Mon Mar 4, 2013 8:43am EST
CAIRO, March 4 (Reuters) - A slide in Egypt's foreign reserves slowed sharply in February, central bank data showed on Monday, but remained at worryingly low levels as Cairo comes under pressure to secure an IMF loan.
The central bank said on its website that reserves slipped to $13.5 billion at the end of last month from $13.6 billion at the end of January.
February's drop was marginal compared with the $1.4 billion fall in January, which was exacerbated by a $650 million debt repayment to the Paris Club of creditor nations.
However, reserves remain below $15 billion, a figure that would cover three months' exports and which economists typically regard as a minimum safe level.
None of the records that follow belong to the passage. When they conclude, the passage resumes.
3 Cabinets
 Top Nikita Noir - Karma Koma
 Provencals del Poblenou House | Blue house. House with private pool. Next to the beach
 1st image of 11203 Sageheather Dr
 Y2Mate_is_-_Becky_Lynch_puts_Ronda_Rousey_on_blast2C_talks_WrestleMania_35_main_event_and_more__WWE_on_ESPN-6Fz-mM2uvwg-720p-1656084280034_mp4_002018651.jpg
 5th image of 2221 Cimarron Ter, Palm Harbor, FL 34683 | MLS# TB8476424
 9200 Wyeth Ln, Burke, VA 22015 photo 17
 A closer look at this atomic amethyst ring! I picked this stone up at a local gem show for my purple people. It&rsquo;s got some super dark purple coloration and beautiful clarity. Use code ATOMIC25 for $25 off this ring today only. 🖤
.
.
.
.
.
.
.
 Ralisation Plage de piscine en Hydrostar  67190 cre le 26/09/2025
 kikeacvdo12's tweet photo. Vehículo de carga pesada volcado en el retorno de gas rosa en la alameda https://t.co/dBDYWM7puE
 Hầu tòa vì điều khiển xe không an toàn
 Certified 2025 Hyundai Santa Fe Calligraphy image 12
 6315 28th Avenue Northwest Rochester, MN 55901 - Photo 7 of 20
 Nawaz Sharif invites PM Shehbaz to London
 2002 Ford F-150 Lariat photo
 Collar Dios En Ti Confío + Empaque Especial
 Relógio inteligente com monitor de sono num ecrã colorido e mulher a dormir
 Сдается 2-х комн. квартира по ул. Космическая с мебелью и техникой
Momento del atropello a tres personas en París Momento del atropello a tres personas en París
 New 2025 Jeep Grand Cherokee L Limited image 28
Reserves now stand at little more than a third of the $36 billion Egypt held immediately before the popular uprising that removed President Hosni Mubarak from power in February 2011.
Egypt's Islamist government has produced an economic reform plan which it wants to use in negotiating the long-delayed $4.8 billion loan with the International Monetary Fund.
Visiting U.S. Secretary of State John Kerry said at the weekend that it was "paramount, essential, urgent" that the Egyptian economy be put back on its feet and called for political parties to unite in supporting an IMF deal.
The loan was agreed in principle in November but put on hold at Cairo's request during street violence.